### Recognizing High-redshift Galaxy Mergers with Convolutional Neural Networks using DeepMerge simulated data with an application on real-world data
# Real data

In [1]:
import os
import numpy as np
import time

from astropy.io import fits
from astropy.utils.data import download_file
from astropy.visualization import simple_norm

import matplotlib.pyplot as plt

import torch
from torch.utils.data import DataLoader
from torch.utils.data import TensorDataset
import torch.nn as nn
from sklearn.model_selection import train_test_split
import pandas as pd

*Ema Donev, 2023.*

In this notebook you will find all the information about the real data downloaded from AstroNN how to prepare it for modelling.
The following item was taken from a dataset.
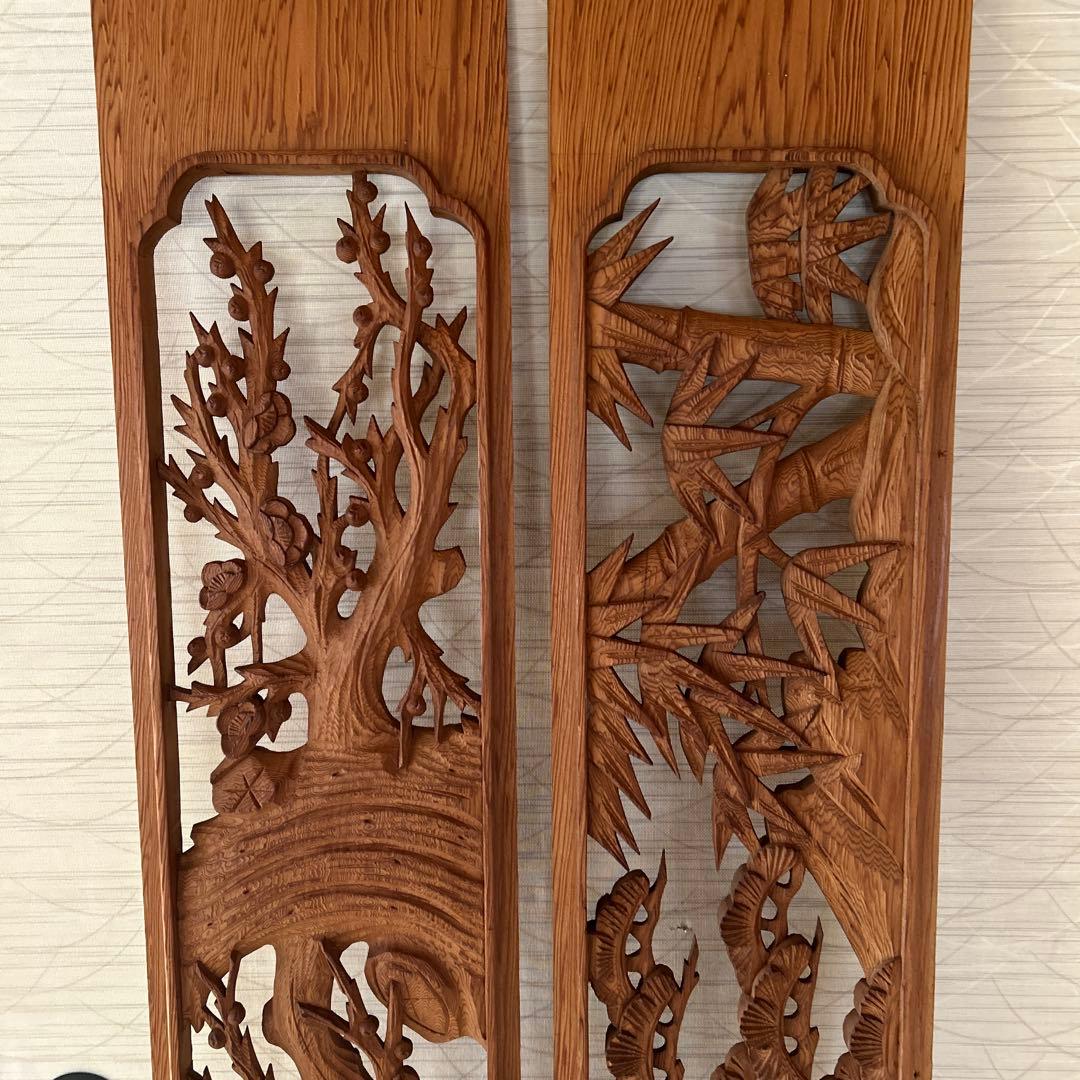 欄間　アンティーク　二枚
## Section 1: Downloading the data

The data is from AstroNN, https://astronn.readthedocs.io/en/latest/galaxy10.html. I am downloading the Galaxy10 DECals dataset, which includes 17736 images of different galaxy types. These images were obtained from the SDSS images from the Galaxy Zoo Data release 2. The images were processed and published so that the general public can classify the galaxy images, since there are so many. After many classified images, it was determined that ~38 classifications were made per image and that the labels are just as trustworthy as if professional scientists classified galaxies. 
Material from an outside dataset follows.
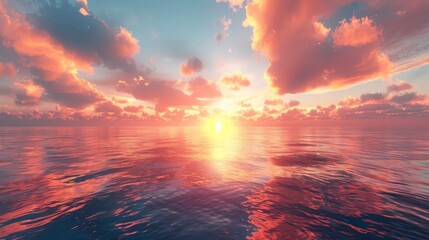Glow: A beautiful sunset over a serene ocean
The data is a `H5` file, or a `Hierarchical Data Format`. These are used to store massive amounts of data as multidimensional arrays, of which images are an example. Scientific data is typicaly stored in this format, and originally it was selected by NASA as a standard data format in science. 

In [15]:
import h5py
with h5py.File('../input/Galaxy10_DECals.h5', 'r') as F:
    images_real = np.array(F['images'])
    labels_real = np.array(F['ans'])

This piece of code was taken from the AstroNN website for instructions on how to load the dataset. After we read it, we take the array under tag 'images' and 'ans' to extract pixel values for the images and labels.

In [None]:
# select 16 random image indices:
example_ids = np.random.choice(hdu_noisy[1].data.shape[0], 16)
examples = [hdu_noisy[0].data[j, 1, :, :] for j in example_ids]

# initialize your figure
fig = plt.figure(figsize=(8, 8)) 

# loop through the randomly selected images and plot with labels
for i, image in enumerate(examples):
    ax = fig.add_subplot(4, 4, i+1)
    norm = simple_norm(image, 'log', max_percent=99.75)

    ax.imshow(image, aspect='equal', cmap='viridis', norm=norm)
    ax.set_title('Merger='+str(bool(hdu_noisy[1].data[example_ids[i]][0])))
    
    ax.axis('off')
    
plt.show()

In [18]:
images_real = images_real.astype(np.float32)
labels_real = labels_real.astype(np.float32)